--- START ---
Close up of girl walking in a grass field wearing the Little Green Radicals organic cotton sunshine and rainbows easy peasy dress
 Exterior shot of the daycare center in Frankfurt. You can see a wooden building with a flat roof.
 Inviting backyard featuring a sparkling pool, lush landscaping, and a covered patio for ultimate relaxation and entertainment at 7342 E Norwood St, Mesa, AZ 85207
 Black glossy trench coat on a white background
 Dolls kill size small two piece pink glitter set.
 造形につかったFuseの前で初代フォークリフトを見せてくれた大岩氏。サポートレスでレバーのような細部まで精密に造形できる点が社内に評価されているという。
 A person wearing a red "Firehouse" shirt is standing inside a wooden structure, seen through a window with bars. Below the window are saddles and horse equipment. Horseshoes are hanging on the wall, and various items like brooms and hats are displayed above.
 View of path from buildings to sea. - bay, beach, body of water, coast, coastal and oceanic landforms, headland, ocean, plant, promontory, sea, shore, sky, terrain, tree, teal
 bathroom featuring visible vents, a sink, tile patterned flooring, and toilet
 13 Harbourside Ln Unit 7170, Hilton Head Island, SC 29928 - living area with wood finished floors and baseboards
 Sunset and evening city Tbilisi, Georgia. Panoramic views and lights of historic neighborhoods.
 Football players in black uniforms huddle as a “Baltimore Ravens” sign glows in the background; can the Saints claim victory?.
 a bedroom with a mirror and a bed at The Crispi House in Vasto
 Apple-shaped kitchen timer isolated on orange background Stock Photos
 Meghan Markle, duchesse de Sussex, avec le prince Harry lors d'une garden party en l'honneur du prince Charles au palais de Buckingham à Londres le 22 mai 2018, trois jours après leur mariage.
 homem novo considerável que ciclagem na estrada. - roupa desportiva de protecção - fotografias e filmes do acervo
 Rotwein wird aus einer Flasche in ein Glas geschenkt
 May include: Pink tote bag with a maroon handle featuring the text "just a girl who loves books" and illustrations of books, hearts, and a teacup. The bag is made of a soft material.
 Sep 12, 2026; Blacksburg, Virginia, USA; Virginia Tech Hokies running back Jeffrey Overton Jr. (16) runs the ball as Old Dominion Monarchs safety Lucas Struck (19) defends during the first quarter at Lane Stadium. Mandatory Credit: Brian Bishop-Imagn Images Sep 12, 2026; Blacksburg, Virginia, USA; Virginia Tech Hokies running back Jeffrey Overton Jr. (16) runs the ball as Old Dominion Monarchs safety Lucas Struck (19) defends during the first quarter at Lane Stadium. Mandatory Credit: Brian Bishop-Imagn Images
--- END ---
**DESCRIPTION OF THE TASK:** Search the material for the string "with" and return each line that has it.

**RESULT OF THE EXERCISE:**
 Exterior shot of the daycare center in Frankfurt. You can see a wooden building with a flat roof.
 A person wearing a red "Firehouse" shirt is standing inside a wooden structure, seen through a window with bars. Below the window are saddles and horse equipment. Horseshoes are hanging on the wall, and various items like brooms and hats are displayed above.
 13 Harbourside Ln Unit 7170, Hilton Head Island, SC 29928 - living area with wood finished floors and baseboards
 a bedroom with a mirror and a bed at The Crispi House in Vasto
 May include: Pink tote bag with a maroon handle featuring the text "just a girl who loves books" and illustrations of books, hearts, and a teacup. The bag is made of a soft material.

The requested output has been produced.